My name is Britta. My whole life I have had to carefully pronounce it, spell it, and then say, “No, it’s not a nickname…not short for Brittany..no, no I don’t go by Britt. Just Britta. B-r-i-t-t-a.”

Growing up,with a Marine Corps daddy, I moved a lot.  That meant introducing myself a lot.  One of my most vivid memories was me,  at the front of a classroom, with a teacher’s arm around me, and hearing that name of mine butchered.  In college, the Brita water filter came on the market, and my life was changed!  Now everyone could easily pronounce my name.  Yes.

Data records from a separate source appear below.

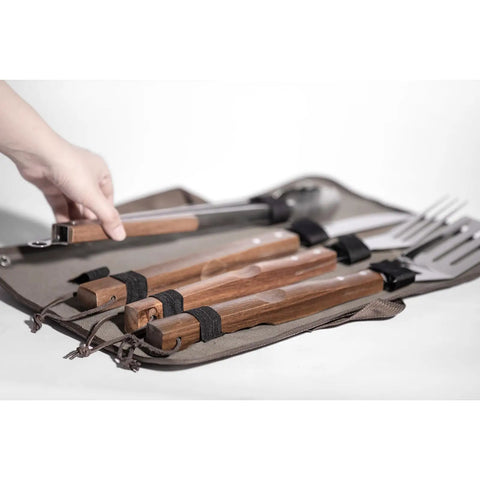 Stainless Steel BBQ Grill Tools Set With Ergonomic Wood Handles Includes Spatula Tongs Knife Fork And Carry Bag displayed open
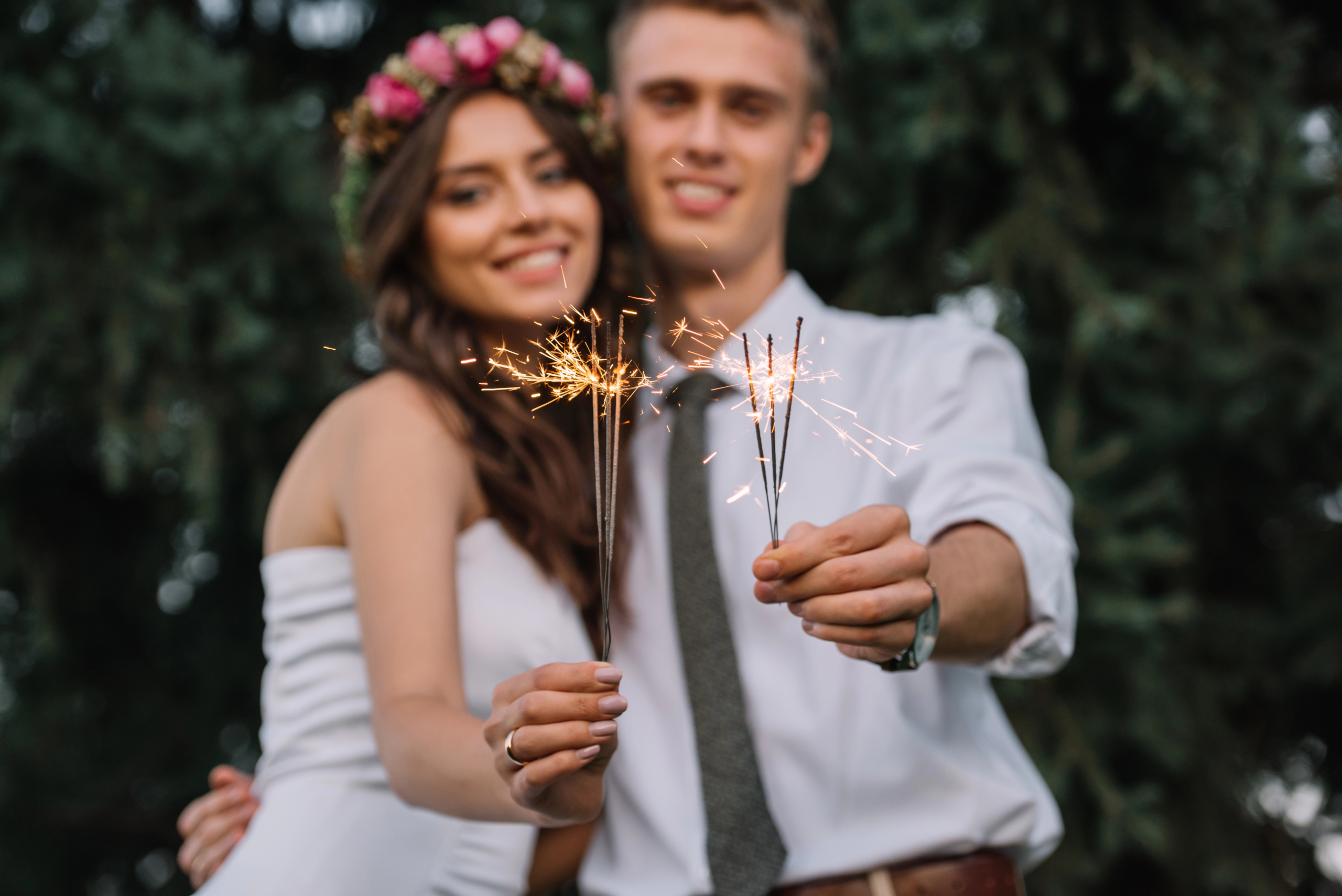 A couple leaving through a sparkler send-off at the end of a wedding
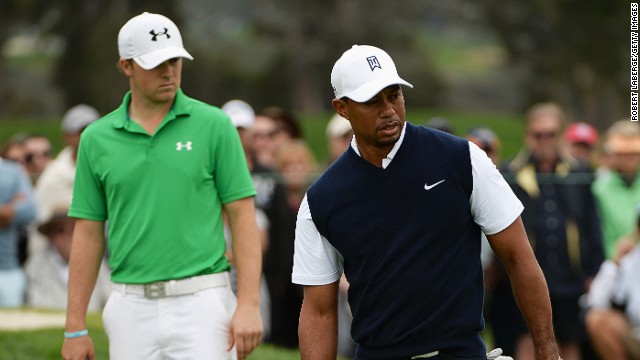 Look who&#39;s behind you! Halfway leader Jordan Spieth (left) watches on as Tiger Woods putts at Torrey Pines.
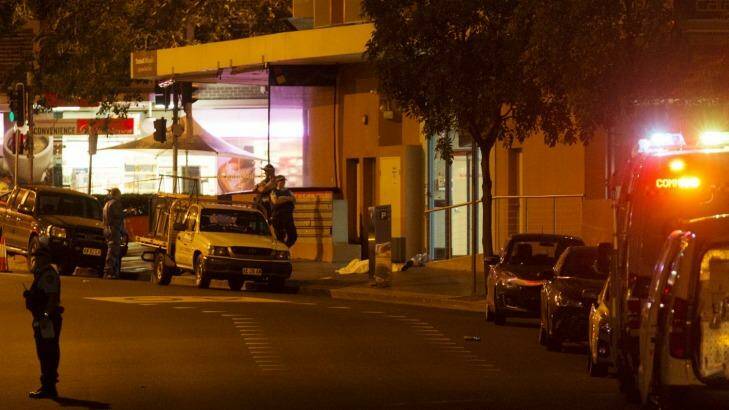 Police block off Charles Street in Parramatta, where witnesses saw two bodies lying on the ground. Photo: James Brickwood
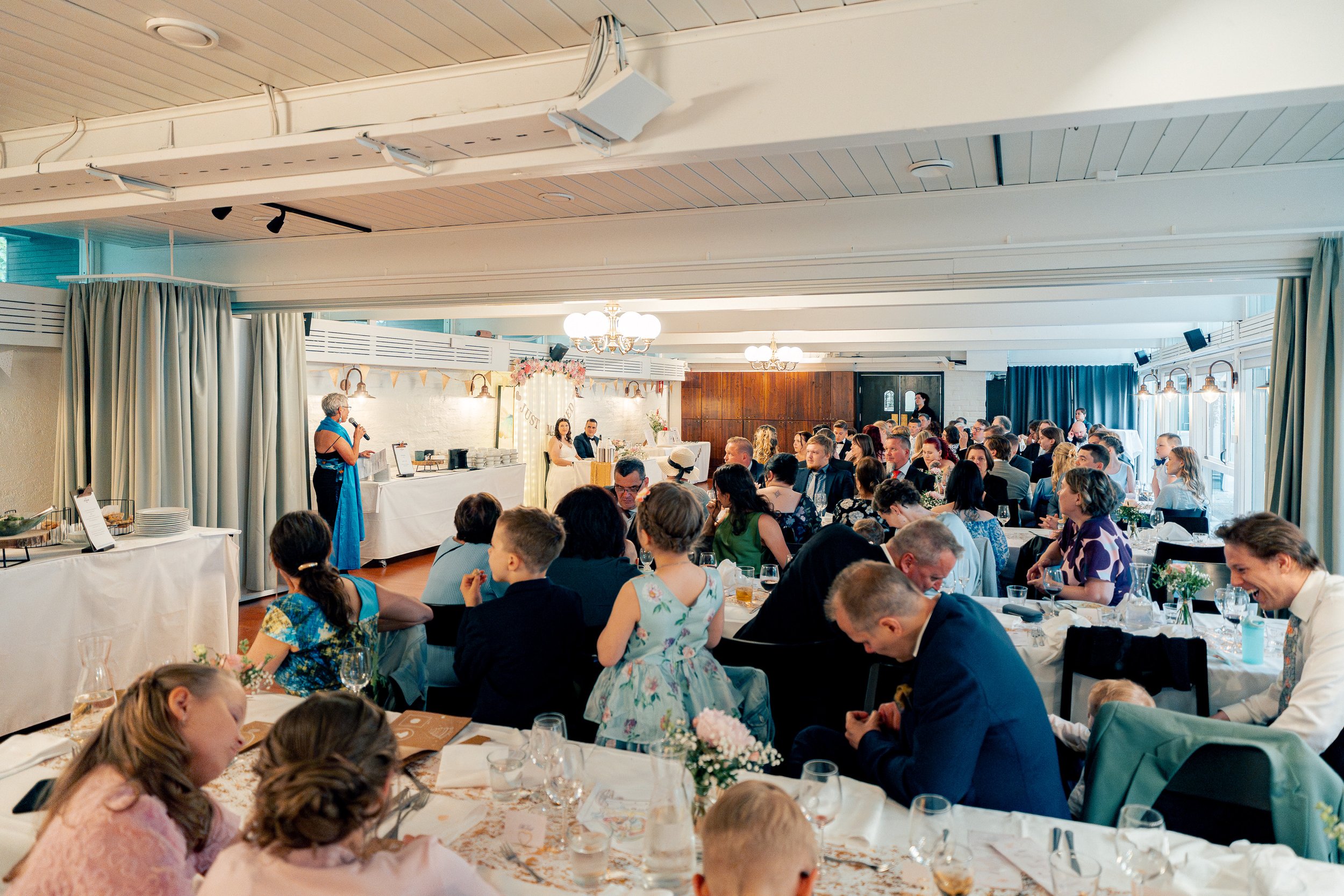 Sulhasen äiti naurattaa puheellaan hääparia ja juhlaväkeä Mestaritallissa Helsingissä. Hääkuvaus Helsinki - Hyvän mielen hääkuvaaja Sami Turunen.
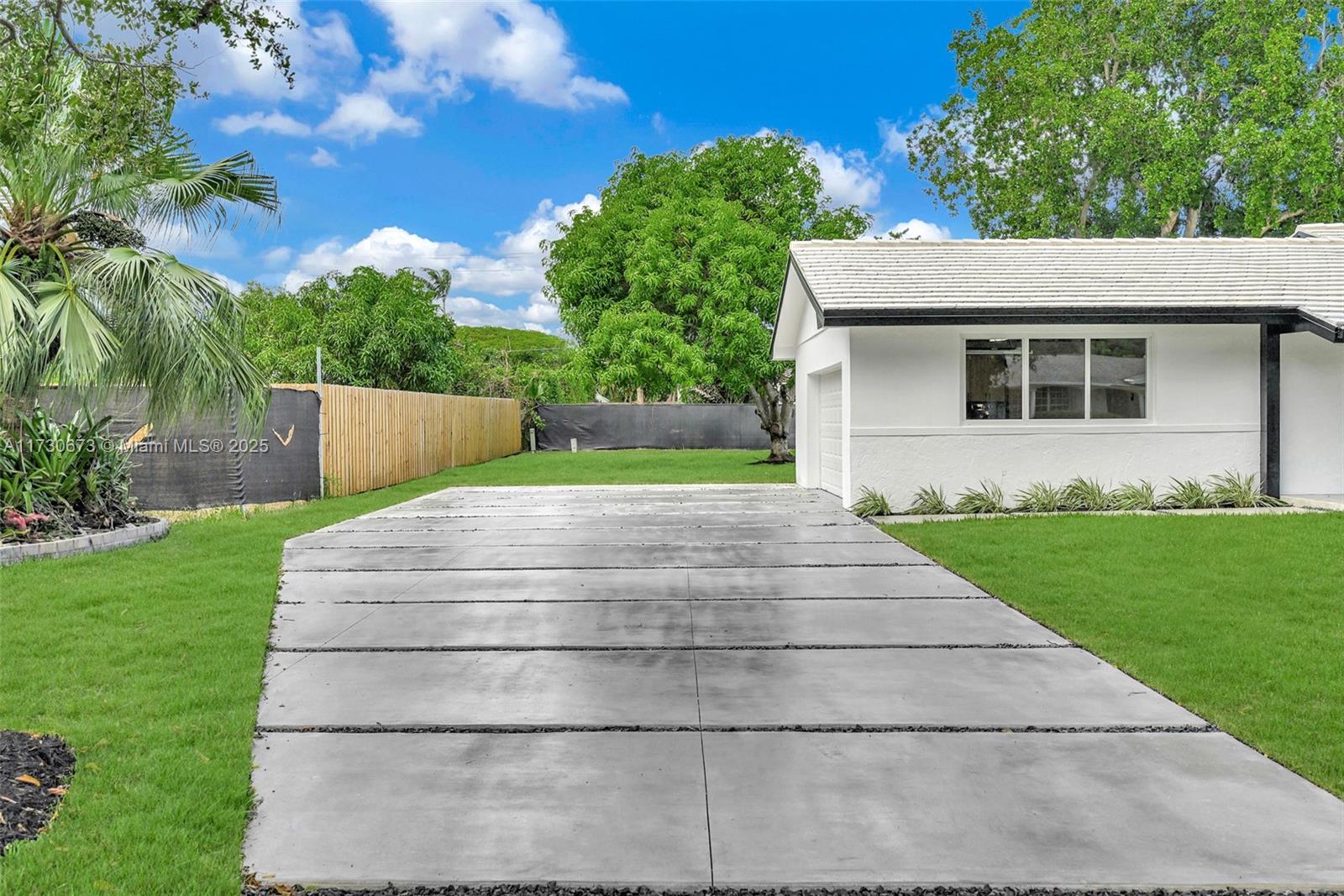 8745 Southwest 175th Street Palmetto Bay, FL 33157 - Photo 25 of 37 a view of outdoor space yard and front view of a house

Still, people wanted to know where I got my name.  That was the easy part.  I was named after my father’s favorite aunt, Britta.  She was from Sweden.  She was a flapper in the roaring twenties.  I just love that.  I never met her.  But that genealogical connection got me through a lot of uncomfortable moments.

So maybe that is what made me try this recipe.  Swedish Almond Cake.  I don’t remember where I got it.  I think I googled it.  When I tried to find it again recently, I found similar ones, but not this one.  And this one is pure gold.

My hubby loves almond anything, so this is a winner.  And my kiddos think it smells like Christmas cookies.  I love it because it looks and tastes so impressive but takes less than 10 minutes to get in the oven.  Love that!  #ASimplerJoy  :)

Swedish Almond Cake

Serves 10
Prep time 10 minutes
Cook time 30 minutes
Total time 40 minutes
Allergy Egg, Tree Nuts, Wheat
Meal type Breakfast, Dessert, Snack
Misc Child Friendly, Serve Cold, Serve Hot
Occasion Casual Party, Christmas, Easter, Formal Party, Valentines day
Region European
This "cake" has the consistency of a thick, soft sugar cookie, but with the almond extract, it resembles a Christmas spritz cookie. Either way, it is a real treat that is in the over in less than 10 minutes.


  • 1 cup white sugar
  • 1 cup flour
  • 1/2 cup butter (1/2 stick) (softened)
  • 2 Whole eggs
  • 1 teaspoon almond extract
  • 3/4 cups almonds (sliced)
  • 1 teaspoon Wilton White Sparkling Sugar ((optional))


Step 1
Preheat the oven to 350 degrees.
Step 2
In a large bowl, stir together flour and sugar.
Step 3
Cut butter into the mixture.
Step 4
Mix eggs and almond extract. Then stir into the sugar/flour/butter.
Step 5
Press into a pie dish.
Step 6
Spread sliced almonds over the top evenly. Sprinkle with Wilton's White Sparkling Sugar (optional).
Step 7
Pop into the oven for 30 minutes (glass pie dish).

This is the perfect thing to take to a brunch or bridal shower.   But we love it for a snack, or dessert, or breakfast.  It is perfect for Easter or for Christmas.  Or anytime.  Yum!